"How to Create Index and Search with Azerbaijani Character Normalization in Elasticsearch?"

Hello Elasticsearch community,

I am working on an Elasticsearch implementation to support searches in Azerbaijani, where users can input transliterated versions of words (e.g., "sixmemmedov") and still match documents containing Azerbaijani-specific characters (e.g., "şıxməmmədov"). I’m trying to normalize these characters using a custom analyzer and filters.

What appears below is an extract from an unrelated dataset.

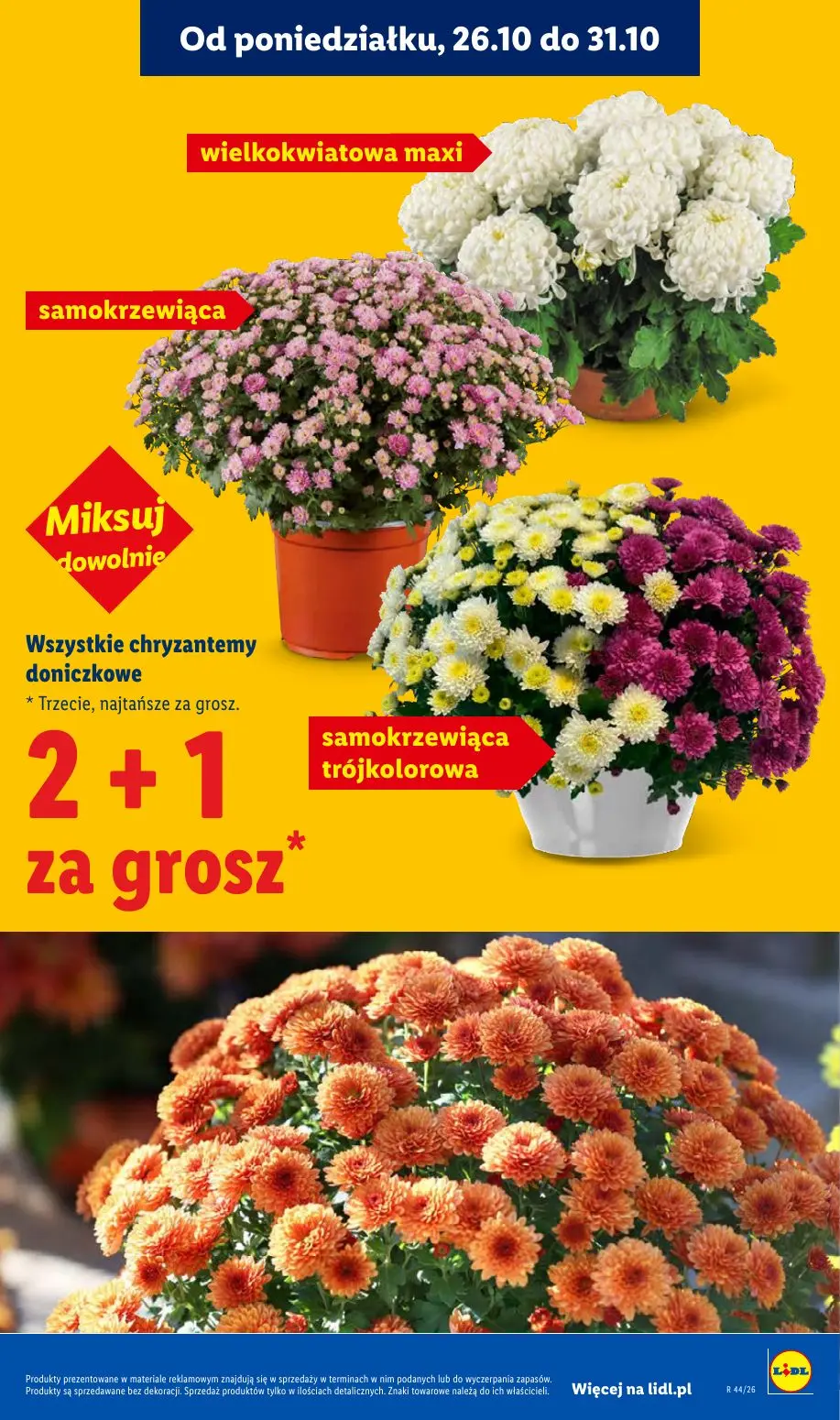 gazetka promocyjna LIDL 26.10 - Strona 45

Current Index Configuration

Here is the latest version of my index_body:

index_body = {
    "settings": {
        "analysis": {
            "filter": {
                "asciifolding_filter": {
                    "type": "asciifolding",
                    "preserve_original": True
                },
                "custom_character_filter": {
                    "type": "pattern_replace",
                    "pattern": "sh",
                    "replacement": "s"
                }
            },
            "analyzer": {
                "custom_analyzer": {
                    "type": "custom",
                    "tokenizer": "standard",
                    "filter": [
                        "lowercase",
                        "asciifolding_filter",
                        "custom_character_filter"
                    ]
                }
            }
        }
    },
    "mappings": {
        "properties": {
            "title": {
                "type": "text",
                "analyzer": "custom_analyzer"
            },
            "content": {
                "type": "text",
                "analyzer": "custom_analyzer"
            }
        }
    }
}

What I've Tried

I created this index using the Elasticsearch Python client and used the following code for searching:

query_body = {
    "size": 10,
    "query": {
        "multi_match": {
            "query": "sixmemmedov",
            "fields": ["title", "content"],
            "fuzziness": "AUTO:5",
            "max_expansions": 100
        }
    }
}

response = await es.search(index=index_name, body=query_body)

What I Need Help With

  1. Index Creation: Is my current index setup the best way to handle Azerbaijani characters and transliterations (e.g., "ş" to "s", "ə" to "e")? How can I improve this configuration to cover more complex transliterations and character mappings?
  2. Search: How can I make my search more flexible to match Azerbaijani characters with their transliterated forms? Should I use different filters or analyzers for the query to achieve more consistent results?
  3. Pattern Replacement: Is using pattern_replace filter the correct approach for handling character mapping, or is there a more efficient way to set up this transliteration?

Any advice, best practices, or sample configurations on creating an index and performing searches to handle these character mappings would be greatly appreciated. Thank you in advance for your assistance!